In the words of the great Dr Maya Angelou
“Never whine. Whining lets a brute know that a victim is in the neighborhood.”
I am using this space to vent tonight. Not many read this, even fewer since I lost most of my email subscribers, and those of you reading this will know me well enough to indulge me a bit and then forgive my lack of grace, I hope.
Raffles died four days ago and I’ve been moved by the amount of people who have sent sympathy and condolences. Dogs are family, fur children (though I hate the term furbaby) and grief at their passing can be just as deep and overwhelming as grief for a close friend or family member, which is what they are, in fact. So many people who had never met Raffles, have never met me, have sent their love and good wishes and said kind words. I even received a personally-written sympathy card from the vet’s. It’s lovely of you all.
And yet I dwell on those who actually knew Raffles, had met him, know how much my dogs mean to me and have remained silent, unable to bring themselves to say anything kind. When even those who have the most tenuous of connections with me are keeping me in their thoughts, these are not the actions of those who purport to be my friends. So that hurts.

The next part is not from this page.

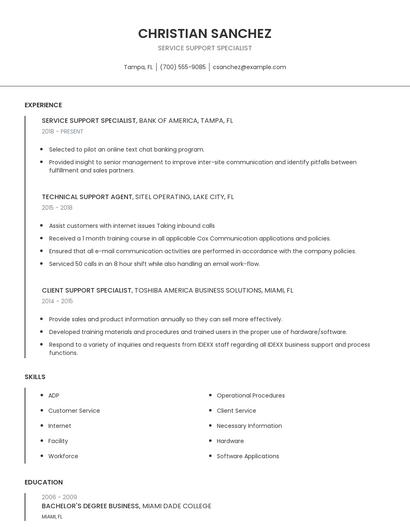 Service Support Specialist Resume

What hurts more, arguably, is that M, Raffles’s first “dad” has offered no words of comfort or kindness. We rehomed him from my cousin’s family after she died almost ten years ago. I could not bear the thought of him being sent back to the Singapore Beagle Club to be rehomed to strangers. M has got on with his life unencumbered by seeing to the needs of this mischievous dog, and has become pretty successful. In that time he has never once asked about him or wished him happy birthday. For a time any amusing pictures we took of Raffles were matched by an old picture that M had taken. His sole comment, eventually, on my Facebook announcement was an “RIP” and a picture of Raffles on Nisha’s lap. That is all. Now, I know that some people find it difficult to express emotions but, nothing? Really? That hurts. Be better.
I’m struggling with the “if you can’t say something nice, say nothing at all” thing. I’d better keep quiet.
I’m sorry this has happened.
It’s sad, isn’t it? But I think writing this got it off my desk and I’m more or less over it now.